:: About this task ::
Every line of the listing below should be written out exactly, minus its images.

------------------------------------------------------------------------

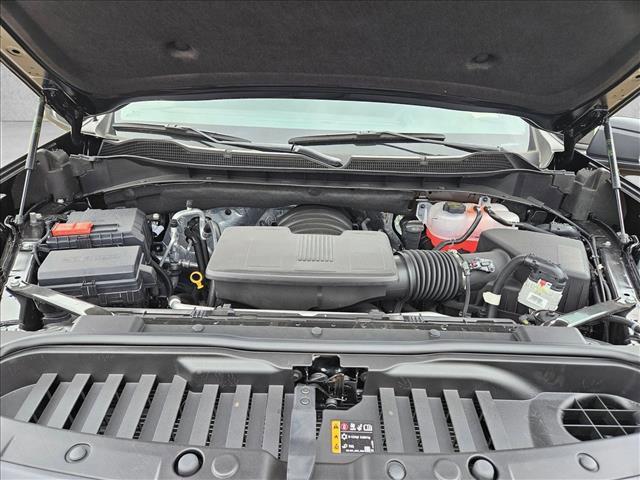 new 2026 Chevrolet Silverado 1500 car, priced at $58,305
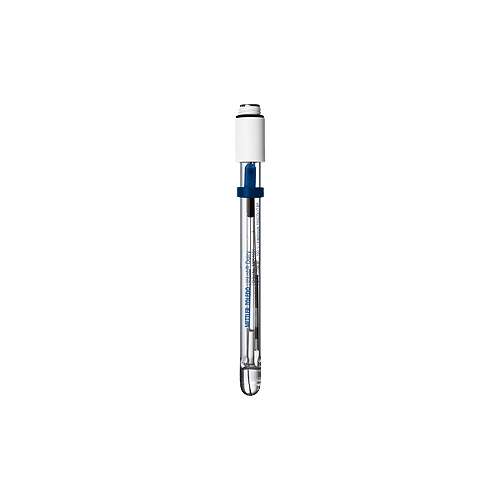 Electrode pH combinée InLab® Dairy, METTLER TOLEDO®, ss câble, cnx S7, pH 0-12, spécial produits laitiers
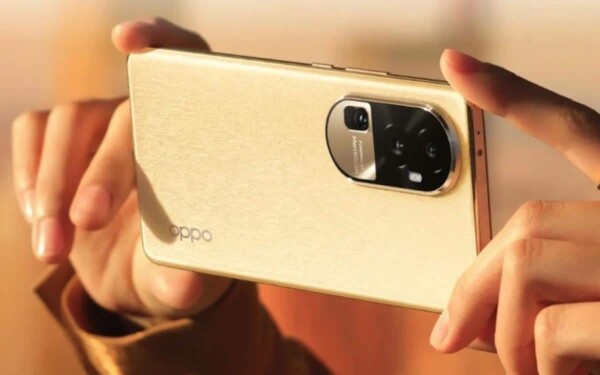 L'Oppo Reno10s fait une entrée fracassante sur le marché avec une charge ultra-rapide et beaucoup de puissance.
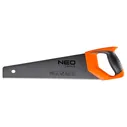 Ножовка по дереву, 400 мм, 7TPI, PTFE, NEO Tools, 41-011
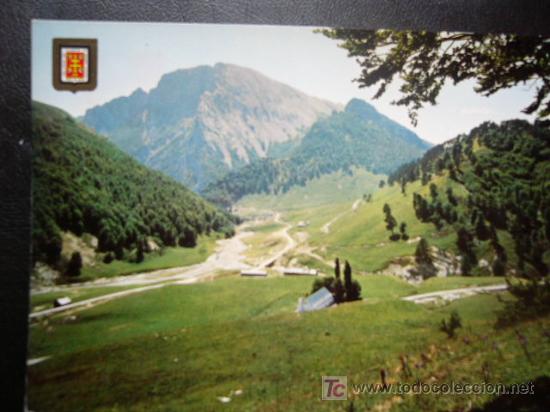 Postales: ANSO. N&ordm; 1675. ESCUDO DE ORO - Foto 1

------------------------------------------------------------------------

:: Solution for this problem ::
 new 2026 Chevrolet Silverado 1500 car, priced at $58,305
 Electrode pH combinée InLab® Dairy, METTLER TOLEDO®, ss câble, cnx S7, pH 0-12, spécial produits laitiers
 L'Oppo Reno10s fait une entrée fracassante sur le marché avec une charge ultra-rapide et beaucoup de puissance.
 Ножовка по дереву, 400 мм, 7TPI, PTFE, NEO Tools, 41-011
 Postales: ANSO. N&ordm; 1675. ESCUDO DE ORO - Foto 1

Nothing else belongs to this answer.